Among the entries below, find the lines that hold the word "Cotton" and report them.

Stored entries:
* * * *

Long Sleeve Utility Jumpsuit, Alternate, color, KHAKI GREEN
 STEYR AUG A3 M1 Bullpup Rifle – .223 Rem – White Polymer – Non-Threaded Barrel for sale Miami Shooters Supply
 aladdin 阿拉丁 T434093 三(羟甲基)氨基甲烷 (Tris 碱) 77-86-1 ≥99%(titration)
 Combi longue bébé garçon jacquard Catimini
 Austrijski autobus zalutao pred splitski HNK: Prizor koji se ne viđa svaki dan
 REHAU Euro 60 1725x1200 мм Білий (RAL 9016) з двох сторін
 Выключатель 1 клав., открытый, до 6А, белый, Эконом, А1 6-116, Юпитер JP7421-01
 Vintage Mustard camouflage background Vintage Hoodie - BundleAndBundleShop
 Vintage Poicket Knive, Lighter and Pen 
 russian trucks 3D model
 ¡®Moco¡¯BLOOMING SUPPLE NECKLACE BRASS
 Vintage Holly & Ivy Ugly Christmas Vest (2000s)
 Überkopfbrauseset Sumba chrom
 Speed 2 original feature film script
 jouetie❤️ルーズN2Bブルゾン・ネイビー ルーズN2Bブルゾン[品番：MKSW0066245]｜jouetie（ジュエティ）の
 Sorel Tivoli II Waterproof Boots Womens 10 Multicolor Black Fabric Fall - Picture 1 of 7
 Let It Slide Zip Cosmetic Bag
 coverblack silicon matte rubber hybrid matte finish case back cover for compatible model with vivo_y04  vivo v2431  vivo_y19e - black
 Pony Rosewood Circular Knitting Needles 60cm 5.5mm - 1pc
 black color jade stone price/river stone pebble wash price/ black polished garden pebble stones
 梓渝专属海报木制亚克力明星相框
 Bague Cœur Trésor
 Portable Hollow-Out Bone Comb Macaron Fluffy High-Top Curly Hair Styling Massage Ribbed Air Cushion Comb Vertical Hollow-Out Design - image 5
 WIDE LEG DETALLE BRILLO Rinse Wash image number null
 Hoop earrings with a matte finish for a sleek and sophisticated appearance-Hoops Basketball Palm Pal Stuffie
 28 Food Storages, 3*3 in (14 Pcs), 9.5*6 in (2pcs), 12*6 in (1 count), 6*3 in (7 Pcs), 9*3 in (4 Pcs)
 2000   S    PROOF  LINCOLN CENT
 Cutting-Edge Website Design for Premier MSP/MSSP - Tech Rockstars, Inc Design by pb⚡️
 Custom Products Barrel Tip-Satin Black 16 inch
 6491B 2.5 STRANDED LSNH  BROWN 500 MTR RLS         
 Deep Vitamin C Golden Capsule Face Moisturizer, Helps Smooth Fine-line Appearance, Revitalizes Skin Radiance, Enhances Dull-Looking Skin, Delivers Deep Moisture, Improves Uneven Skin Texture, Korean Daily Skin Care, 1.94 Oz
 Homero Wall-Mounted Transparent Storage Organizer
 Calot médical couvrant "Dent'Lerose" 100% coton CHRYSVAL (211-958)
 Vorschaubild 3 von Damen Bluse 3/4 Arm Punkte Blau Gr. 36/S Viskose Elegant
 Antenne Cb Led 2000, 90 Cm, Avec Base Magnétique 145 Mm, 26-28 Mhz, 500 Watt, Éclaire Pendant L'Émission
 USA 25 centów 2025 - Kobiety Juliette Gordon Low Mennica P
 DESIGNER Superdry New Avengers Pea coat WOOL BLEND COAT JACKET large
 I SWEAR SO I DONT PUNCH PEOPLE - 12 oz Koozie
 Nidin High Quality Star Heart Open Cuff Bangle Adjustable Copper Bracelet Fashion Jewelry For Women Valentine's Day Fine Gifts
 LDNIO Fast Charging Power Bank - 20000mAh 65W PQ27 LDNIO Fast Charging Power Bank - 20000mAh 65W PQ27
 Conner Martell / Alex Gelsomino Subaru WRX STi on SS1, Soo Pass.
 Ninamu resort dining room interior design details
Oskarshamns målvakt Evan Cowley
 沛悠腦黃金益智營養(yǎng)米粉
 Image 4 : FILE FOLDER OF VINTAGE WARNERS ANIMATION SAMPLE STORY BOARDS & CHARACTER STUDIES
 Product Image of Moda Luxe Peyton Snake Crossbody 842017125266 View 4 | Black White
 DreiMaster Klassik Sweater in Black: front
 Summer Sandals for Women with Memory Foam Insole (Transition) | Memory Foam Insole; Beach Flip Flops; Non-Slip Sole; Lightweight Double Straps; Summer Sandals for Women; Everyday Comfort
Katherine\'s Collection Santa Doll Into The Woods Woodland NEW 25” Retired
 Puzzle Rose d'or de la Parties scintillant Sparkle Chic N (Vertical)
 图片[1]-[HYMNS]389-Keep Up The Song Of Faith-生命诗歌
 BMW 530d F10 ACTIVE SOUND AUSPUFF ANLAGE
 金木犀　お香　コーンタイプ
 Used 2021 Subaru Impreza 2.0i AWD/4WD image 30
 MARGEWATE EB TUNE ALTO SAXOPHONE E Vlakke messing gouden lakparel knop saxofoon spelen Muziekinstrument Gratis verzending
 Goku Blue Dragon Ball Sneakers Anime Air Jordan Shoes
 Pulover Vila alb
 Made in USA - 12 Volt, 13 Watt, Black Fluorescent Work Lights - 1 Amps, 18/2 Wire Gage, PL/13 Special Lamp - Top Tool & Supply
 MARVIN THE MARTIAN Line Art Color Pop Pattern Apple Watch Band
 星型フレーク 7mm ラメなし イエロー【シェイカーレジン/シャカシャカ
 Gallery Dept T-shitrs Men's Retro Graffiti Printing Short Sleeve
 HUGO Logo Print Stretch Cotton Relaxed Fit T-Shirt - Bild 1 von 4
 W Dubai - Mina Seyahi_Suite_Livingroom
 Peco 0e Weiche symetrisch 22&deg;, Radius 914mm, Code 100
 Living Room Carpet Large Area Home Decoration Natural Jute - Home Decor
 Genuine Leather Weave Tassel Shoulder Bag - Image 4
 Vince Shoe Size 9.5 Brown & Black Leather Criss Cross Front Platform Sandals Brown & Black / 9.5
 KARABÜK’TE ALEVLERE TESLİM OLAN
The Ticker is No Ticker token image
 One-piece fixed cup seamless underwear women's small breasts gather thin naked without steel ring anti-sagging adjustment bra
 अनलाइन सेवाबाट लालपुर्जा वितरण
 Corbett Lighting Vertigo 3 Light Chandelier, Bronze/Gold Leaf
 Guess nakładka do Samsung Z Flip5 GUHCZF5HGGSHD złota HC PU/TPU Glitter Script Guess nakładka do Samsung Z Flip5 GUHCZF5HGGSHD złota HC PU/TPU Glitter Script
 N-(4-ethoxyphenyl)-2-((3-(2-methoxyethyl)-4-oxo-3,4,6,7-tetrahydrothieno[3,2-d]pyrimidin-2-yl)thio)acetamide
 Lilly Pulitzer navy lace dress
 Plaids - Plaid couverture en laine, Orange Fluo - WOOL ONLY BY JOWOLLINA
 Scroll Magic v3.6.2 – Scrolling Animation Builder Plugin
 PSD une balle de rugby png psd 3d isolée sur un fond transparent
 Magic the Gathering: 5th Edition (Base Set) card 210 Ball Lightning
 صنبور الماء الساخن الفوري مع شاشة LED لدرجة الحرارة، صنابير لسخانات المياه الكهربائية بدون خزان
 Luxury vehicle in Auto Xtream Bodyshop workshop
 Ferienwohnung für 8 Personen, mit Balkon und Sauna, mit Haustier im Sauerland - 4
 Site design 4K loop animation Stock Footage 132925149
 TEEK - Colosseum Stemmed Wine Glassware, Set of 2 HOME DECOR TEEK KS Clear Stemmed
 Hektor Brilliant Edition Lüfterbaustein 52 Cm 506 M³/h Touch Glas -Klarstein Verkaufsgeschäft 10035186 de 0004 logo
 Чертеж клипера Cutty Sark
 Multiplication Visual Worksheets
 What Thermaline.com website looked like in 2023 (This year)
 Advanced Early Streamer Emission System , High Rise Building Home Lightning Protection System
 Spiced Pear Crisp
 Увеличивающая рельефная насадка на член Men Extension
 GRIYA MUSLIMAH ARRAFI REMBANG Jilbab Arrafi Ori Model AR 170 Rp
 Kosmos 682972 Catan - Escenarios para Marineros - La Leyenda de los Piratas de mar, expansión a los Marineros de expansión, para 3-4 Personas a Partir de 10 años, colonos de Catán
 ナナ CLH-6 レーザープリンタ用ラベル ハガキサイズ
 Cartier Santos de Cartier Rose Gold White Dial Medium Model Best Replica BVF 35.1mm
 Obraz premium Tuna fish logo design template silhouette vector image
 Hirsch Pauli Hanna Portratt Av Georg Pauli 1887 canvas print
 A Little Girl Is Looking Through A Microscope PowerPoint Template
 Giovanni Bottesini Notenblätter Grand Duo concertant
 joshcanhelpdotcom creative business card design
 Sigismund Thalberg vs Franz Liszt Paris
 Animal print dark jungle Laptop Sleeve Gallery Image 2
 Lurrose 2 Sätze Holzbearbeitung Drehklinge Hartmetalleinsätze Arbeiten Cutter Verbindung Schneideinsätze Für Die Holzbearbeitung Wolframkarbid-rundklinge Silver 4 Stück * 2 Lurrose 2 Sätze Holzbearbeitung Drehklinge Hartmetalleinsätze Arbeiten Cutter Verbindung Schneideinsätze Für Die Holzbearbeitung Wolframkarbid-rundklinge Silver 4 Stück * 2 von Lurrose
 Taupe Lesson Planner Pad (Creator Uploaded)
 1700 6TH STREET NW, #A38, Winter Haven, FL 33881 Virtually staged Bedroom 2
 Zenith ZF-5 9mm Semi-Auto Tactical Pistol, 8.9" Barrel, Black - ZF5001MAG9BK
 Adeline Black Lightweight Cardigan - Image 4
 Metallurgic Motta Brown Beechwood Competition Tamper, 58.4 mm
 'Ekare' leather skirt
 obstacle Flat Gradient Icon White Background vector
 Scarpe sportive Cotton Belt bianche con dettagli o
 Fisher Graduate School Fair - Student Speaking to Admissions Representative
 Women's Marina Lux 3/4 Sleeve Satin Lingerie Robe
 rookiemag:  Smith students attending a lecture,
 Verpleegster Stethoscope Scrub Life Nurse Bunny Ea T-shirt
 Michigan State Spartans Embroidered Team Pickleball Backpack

* * * *

- [Result]:
 HUGO Logo Print Stretch Cotton Relaxed Fit T-Shirt - Bild 1 von 4
 Scarpe sportive Cotton Belt bianche con dettagli o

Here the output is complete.